## Saturday, March 3, 2018

### Fast small prime checker in golang

Anyone who does any crypto coding knows that the ability to generate and test prime numbers is important.  A search through the golang crypto packages didn't turn up any function to check if a number is prime.  The "math/big" package has a ProbablyPrime function, but the documentation is unclear on what value of n to use so it is "100% accurate for inputs less than 2⁶⁴".  For the Ethereum miner I am writing, I need a function to check numbers less than 26-bits, so I decided to write my own.

Since int32 is large enough for the biggest number I'll be checking, and 32-bit integer division is usually faster than 64-bit, even on 64-bit platforms, I wrote my prime checking function to take a uint32.  A basic prime checking function will usually test odd divisors up to the square root of N, skipping all even numbers (multiples of two).  My prime checker is slightly more optimized by skipping all multiples of 3.  Here's the code:
func i32Prime(n uint32) bool {
//    if (n==2)||(n==3) {return true;}
if n%2 == 0 { return false }
if n%3 == 0 { return false }
sqrt := uint32(math.Sqrt(float64(n)))
for i := uint32(5); i <= sqrt; i += 6 {
if n%i == 0 { return false }
if n%(i+2) == 0 { return false }
}
return true
}

My code will never call isPrime with small numbers, so I have the first line that checks for two or three commented out.  In order to test and benchmark the function, I wrote prime_test.go.  Run the tests with "go test prime_test.go -bench=. test".  For numbers up to 22 bits, i32Prime is one to two orders of magnitude faster than ProbablyPrime(0).  In absolute terms, on a Celeron G1840 using a single core, BenchmarkPrime reports 998 ns/op.  I considered further optimizing the code to skip multiples of 5, but I don't think the ~20% speed improvement is worth the extra code complexity.

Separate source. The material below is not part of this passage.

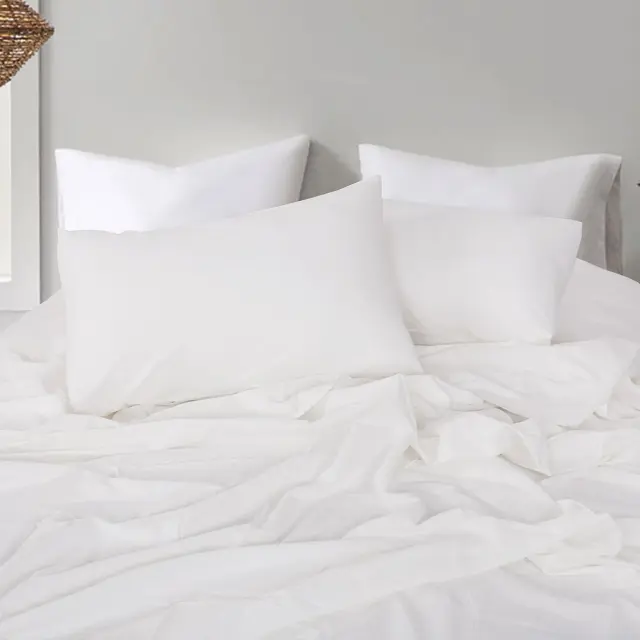 Σετ Σεντόνια 240x280 Υπέρδιπλα Beauty Home Hilton Art 11151 Λευκό Χωρίς Λάστιχο70% Βαμβάκι-30% Λινό 2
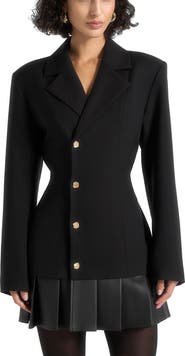 Manière De Voir Nicole Tailored Cinch Blazer Dress with Pleats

## Saturday, February 24, 2018

### Let's get going!

You might be asking if this is just one more of the many blog posts about go that can be found all over the internet.  I don't want to duplicate what other people have written, so I'll mostly be crypto functions sha3/keccak in go.

Despite a brief experiment with go almost two years ago, I had not done any serious coding in go.  That all changed when early this year I decided to write an ethereum miner from scratch.  After maintaining and improving https://github.com/nerdralph/ethminer-nr, I decided I would like to try something other than C++.  My first attempt was with D, and while it fixes some of the things I dislike about C++, 3rd-party library support is minimal.  After working with it for about a week, I decided to move on.  After some prototyping with python/cython, I settled on go.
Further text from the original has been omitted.